I have an idea, why not advertise on the Internet !

Idealista
Fotocasa

Many wanna be expats will look on the Internet for a property and the chances of them popping into the 1 sole Agent that is advertising your property would seem rather slim.

Just an opinion of course.

Regards, Dave


----------



## Pasanada (Feb 5, 2008)

frostydog said:


> Hi have posted another post a few days ago about house exchanging ...our lovely villa is just on the market but with only one agent at La Zenia does anyone have any good recommendations of agents in the Cabo Roig, Campoamor, Villa Martin areas?

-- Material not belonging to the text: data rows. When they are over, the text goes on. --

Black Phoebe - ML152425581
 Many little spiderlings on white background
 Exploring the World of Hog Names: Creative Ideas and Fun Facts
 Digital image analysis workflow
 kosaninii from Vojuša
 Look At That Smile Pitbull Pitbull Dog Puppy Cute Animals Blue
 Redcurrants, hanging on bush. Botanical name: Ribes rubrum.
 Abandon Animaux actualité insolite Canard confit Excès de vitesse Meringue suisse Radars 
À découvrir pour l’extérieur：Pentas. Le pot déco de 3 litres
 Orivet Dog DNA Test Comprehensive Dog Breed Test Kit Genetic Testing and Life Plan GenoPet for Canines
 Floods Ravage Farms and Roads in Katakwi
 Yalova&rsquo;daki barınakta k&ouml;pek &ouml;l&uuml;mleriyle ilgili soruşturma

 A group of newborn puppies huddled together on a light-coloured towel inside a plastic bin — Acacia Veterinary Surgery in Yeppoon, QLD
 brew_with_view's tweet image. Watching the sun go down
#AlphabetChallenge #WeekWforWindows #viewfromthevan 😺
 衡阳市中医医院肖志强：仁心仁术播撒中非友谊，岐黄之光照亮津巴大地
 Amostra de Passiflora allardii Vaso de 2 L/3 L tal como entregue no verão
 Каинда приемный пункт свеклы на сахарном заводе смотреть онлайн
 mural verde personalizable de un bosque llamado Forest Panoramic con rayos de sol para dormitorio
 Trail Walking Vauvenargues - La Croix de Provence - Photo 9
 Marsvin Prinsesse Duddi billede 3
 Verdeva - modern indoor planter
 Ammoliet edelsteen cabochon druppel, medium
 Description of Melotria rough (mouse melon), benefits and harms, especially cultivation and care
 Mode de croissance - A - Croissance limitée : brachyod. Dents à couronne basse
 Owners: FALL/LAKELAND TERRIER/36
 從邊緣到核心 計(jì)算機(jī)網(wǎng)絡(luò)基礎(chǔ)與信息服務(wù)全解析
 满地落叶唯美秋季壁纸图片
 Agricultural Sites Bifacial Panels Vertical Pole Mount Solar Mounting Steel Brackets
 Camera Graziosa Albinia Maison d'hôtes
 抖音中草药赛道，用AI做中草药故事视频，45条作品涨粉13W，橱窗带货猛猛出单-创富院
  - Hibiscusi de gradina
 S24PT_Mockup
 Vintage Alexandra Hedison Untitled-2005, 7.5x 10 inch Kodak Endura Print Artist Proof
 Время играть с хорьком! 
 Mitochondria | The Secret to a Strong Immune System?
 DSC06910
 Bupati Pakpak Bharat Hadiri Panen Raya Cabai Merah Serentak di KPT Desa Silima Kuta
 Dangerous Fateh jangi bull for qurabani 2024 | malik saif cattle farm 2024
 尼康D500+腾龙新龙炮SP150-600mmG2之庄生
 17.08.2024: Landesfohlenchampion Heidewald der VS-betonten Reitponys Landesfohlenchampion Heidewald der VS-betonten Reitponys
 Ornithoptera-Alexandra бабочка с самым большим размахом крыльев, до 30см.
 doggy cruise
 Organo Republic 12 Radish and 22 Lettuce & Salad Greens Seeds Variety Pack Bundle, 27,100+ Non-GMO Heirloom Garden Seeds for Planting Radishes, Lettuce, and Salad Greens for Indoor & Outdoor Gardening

If you're in Spain at present, pop along to Villamartin Plaza. Or, try easybuy (they have an office in Los Dolces CC), you won't be hit with huge commissions (Property Guardamar costa blanca Spain english estate agents searchable site) or try Home Espana at Cabo Roig (office on the roundabout next to Sunrise restaurant and just before the Cabo Roig Strip)

As for Campoamor (where we live), there really isn't much in the way of estate agents, it's more residential with many bars/cafes/restaurants. However, I'm back in Campoamor in 3 weeks time, I'll check out the new La Fuente CC between Campoamor and Las Ramblas to see if any new agents have opened.

HTH


----------



## W1lk1 (Sep 3, 2008)

frostydog said:


> Hi have posted another post a few days ago about house exchanging ...our lovely villa is just on the market but with only one agent at La Zenia does anyone have any good recommendations of agents in the Cabo Roig, Campoamor, Villa Martin areas?


Try these guys, Live Med Coast S.l. 
They have property all round that area on their website.

I am currently in the UK but am looking to move to Murcia soon and i have met these agents on my last viewing trip. They are really friendly and i am sure they will be happy to help you.

Good luck


----------